For three days from tomorrow, the Hotel Formentor becomes the location for high literary culture. They're holding the ninth annual Formentor Conversations. They'll be conversing about ghosts and lost souls in purgatory over the weekend.
They also hand out an award. The Formentor Prize for Literature is going this year to the Italian author Roberto Calasso, whose oeuvre is characterised as considering the relationship between myth and the emergence of modern consciousness. His work will feature during the conversations. Works by other authors will include those by the likes of Dickens ("A Christmas Carol"), Henry James, Oscar Wilde and Edgar Allan Poe.
Low brow this gathering most certainly is not, while its surroundings are those of the distinctly high brow: the hotel itself, at which you could have parted with up to 1,000 euros a couple of weeks ago to see the American violinist Hilary Hahn; the nearby La Fortalesa, which will forever now be known as Roper's house; the Villa Cortina, the object of much controversy, now seemingly being made legal so that the one-time executive president of Repsol can live in it.
Literary tradition runs deep in Mallorca, albeit for the casual observer of the island it may as well not exist. Language, let's be blunt, doesn't help in this regard. This is a tradition that has generally not gone and will not go beyond borders. But it is there nevertheless, and Formentor plays its role. Arguably the most famous Mallorcan poem took a pine from Formentor and made it highly representative of the Mallorca School of poets: Miquel Costa i Llobera's "El pi de Formentor", written in 1875.
Costa i Llobera died in 1922. He was witness therefore to the early days of Mallorca's tourism that grew in the years of the twentieth century prior to the Civil War. This was a tourism that was essentially high brow. It had to be in those days - travel was for the wealthy, and in its touristic version it was predominantly for the culture-seeker and the cultured, notwithstanding the occasional Bohemians. The Formentor Conversations are, therefore, like an echo of those distant days, not least because the founder of the hotel, the Argentine poet Adan Diehl, looked upon his building as a haven for the artistic and literary minded.
The Conversations, with their allusion to that past, are an example of the striking contrasts of this island. This is civilised Mallorca, one of culture, refinement and no small amount of money. In a touristic sense it is the complete opposite of the conversations held about Magalluf. Yet that allusion to the past and to what supplanted it when mass tourism started makes even more stark the extent to which Mallorca was transformed by its "industrial revolution".
There are all sorts of examples of the ways in which societies have undergone immense change over a comparatively short period of time - parts of the Middle East, for instance - and in Mallorca's case this transformation has occurred over the period of only two generations. It is an experience that has been lived by many and one that can perhaps be all too easily overlooked.
When researchers recently asked about current-day opinions regarding tourism - a survey in light of "saturation" - it was notable that the older generation felt the saturation sensation most acutely. Notable but not surprising.
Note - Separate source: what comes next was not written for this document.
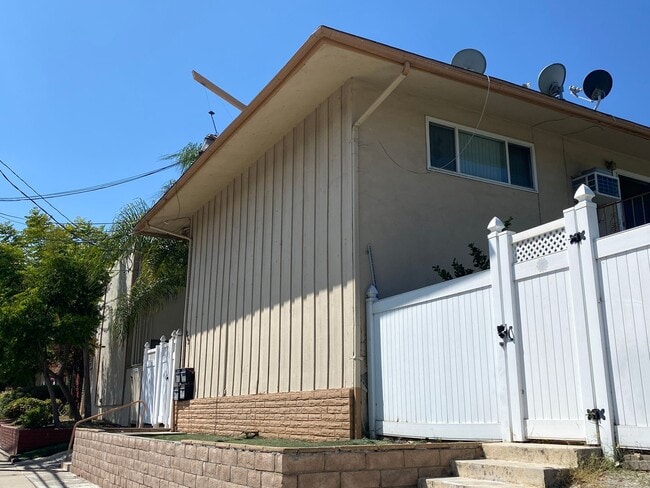 Building Photo - 1162 Cuyamaca St Unit 1162 N Cuyamaca #4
Here is a generation which, as an example, can recall how at the end of the 1950s Can Picafort had a couple of small hotels, a series of tracks made from sand, and a row of dunes. Now, it is a resort of high-density urbanisation. There aren't the dunes. They were flattened.
It was this process of "Balearisation" - the unprecedented development of the coasts - which contributed to Mallorca's one-time reputation. A further process of gentrification has shifted that reputation dramatically, but this makes it also easy to overlook how Mallorca was once shorthand for naffness.
The Formentor Conversations are an extreme and somewhat obscure manifestation of the extension to this gentrification, a desire to attempt to reclaim some essence of former times. There are things that cannot be reclaimed - the dunes that were built on, for example - but others can be. And one is a degree of civility. A further one is a spot of respect.
There is a tendency to argue that Mallorca should be grateful for the legacy bestowed upon it by mass tourism. There is gratitude, but here is a word that can disguise a patronising demand for servility. In the global economy, tourism no longer works as it once did, with the destination and its people expected to lump whatever was thrown at them.
Mallorca has a right to decide for itself, and within the context of current debates regarding saturation and sustainability, it may well do. Consequences of Balearisation will remain, but the lost soul of its purgatory can be reclaimed.